Since Java 7, the JDK includes a set of classes implementing a fork-join
pattern. This is an approach decomposing work into multiple tasks that
can be executed in parallel. Java provides ForkJoinPool
and ForkJoinTask
as
the two primary classes implementing the approach. This post will cover
an example of using these, by converting a Mergesort implementation from
a recursive implementation to one using fork-join.
Mergesort is a classic divide-and-conquer approach to sorting. The data to be sorted are split into two halves, and those halves each are split into two until the data can no longer be split. Then the resulting arrays are merged and sorted.
This can be visualized using this diagram from Wikipedia’s Mergesort page.
A simple recursive implementation in Java is
public static void mergeSort(int[] array, int size) {
if (size > 1) {
int mid = size / 2;
int[] left = new int[mid];
int[] right = new int[array.length - mid];
arraycopy(array, 0, left, 0, left.length);
arraycopy(array, mid, right, 0, array.length - mid);
mergeSort(left, left.length);
mergeSort(right, right.length);
merge(array, left, right);
}
}
As you can see the input array
is split in half, with each half (left
and
right
) then recursively mergesorted. The recursion stops when the array size
is 1, and the left and right parts are merged into the original array in sorted
order.
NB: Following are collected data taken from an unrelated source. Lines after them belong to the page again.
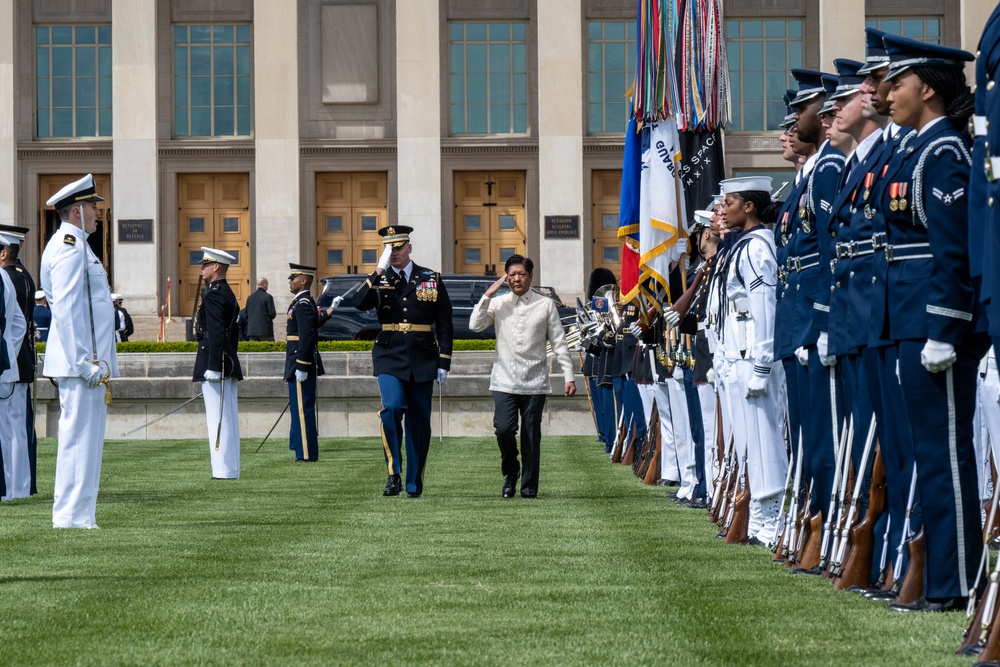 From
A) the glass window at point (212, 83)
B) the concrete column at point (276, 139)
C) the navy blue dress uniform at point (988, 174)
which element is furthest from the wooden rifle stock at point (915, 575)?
the glass window at point (212, 83)

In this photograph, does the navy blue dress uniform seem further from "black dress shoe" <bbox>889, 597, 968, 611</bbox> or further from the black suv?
the black suv

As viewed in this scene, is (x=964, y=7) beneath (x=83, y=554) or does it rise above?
above

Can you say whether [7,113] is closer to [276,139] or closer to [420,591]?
[276,139]

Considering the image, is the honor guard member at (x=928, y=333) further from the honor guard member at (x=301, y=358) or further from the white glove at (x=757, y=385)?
the honor guard member at (x=301, y=358)

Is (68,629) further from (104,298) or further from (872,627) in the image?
(104,298)

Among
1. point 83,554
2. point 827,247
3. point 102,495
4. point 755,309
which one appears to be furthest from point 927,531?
point 102,495

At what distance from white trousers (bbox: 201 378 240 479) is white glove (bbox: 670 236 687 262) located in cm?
560

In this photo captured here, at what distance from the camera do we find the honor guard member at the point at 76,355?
12.4m

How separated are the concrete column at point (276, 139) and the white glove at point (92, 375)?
94.6ft

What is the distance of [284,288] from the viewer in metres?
41.2

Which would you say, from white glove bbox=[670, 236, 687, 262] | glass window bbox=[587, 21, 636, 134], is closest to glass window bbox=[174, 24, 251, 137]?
glass window bbox=[587, 21, 636, 134]

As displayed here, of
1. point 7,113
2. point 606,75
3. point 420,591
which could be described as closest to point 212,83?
point 7,113

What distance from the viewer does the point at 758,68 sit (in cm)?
4272

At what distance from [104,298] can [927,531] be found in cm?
710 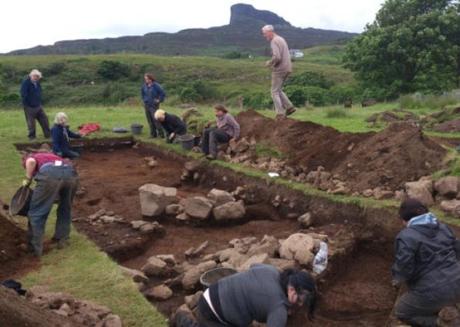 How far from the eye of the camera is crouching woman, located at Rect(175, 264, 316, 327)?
462 centimetres

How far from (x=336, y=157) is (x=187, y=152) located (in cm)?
436

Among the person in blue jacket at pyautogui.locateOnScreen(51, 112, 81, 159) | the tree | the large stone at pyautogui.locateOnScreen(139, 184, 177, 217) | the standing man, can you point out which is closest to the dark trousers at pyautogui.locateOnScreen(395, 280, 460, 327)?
the large stone at pyautogui.locateOnScreen(139, 184, 177, 217)

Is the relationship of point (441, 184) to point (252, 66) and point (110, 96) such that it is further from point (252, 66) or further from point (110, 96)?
point (252, 66)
The merge()
is implemented like this
private static void merge(final int[] dest, final int[] left, final int[] right) {
int destIdx = 0, leftIdx = 0, rightIdx = 0;
while (leftIdx < left.length && rightIdx < right.length) {
if (left[leftIdx] < right[rightIdx]) {
dest[destIdx++] = left[leftIdx++];
}
else {
dest[destIdx++] = right[rightIdx++];
}
}
for (int i = leftIdx; i < left.length; i++) {
dest[destIdx++] = left[i];
}
for (int i = rightIdx; i < right.length; i++) {
dest[destIdx++] = right[i];
}
}
Disclaimer: I do not in any way claim that this is the best way to implement the Mergesort or the merge part of the algorithm! But it is functionally correct.
So there you have an example of a divide-and-conquer recursive approach to implementing Mergesort. From this it should be fairly obvious where we’d plug in the fork-join … just use it instead of recursion.
Java ForkJoinPool and ForkJoinTask
You can take a look at the generic tutorial from Oracle here.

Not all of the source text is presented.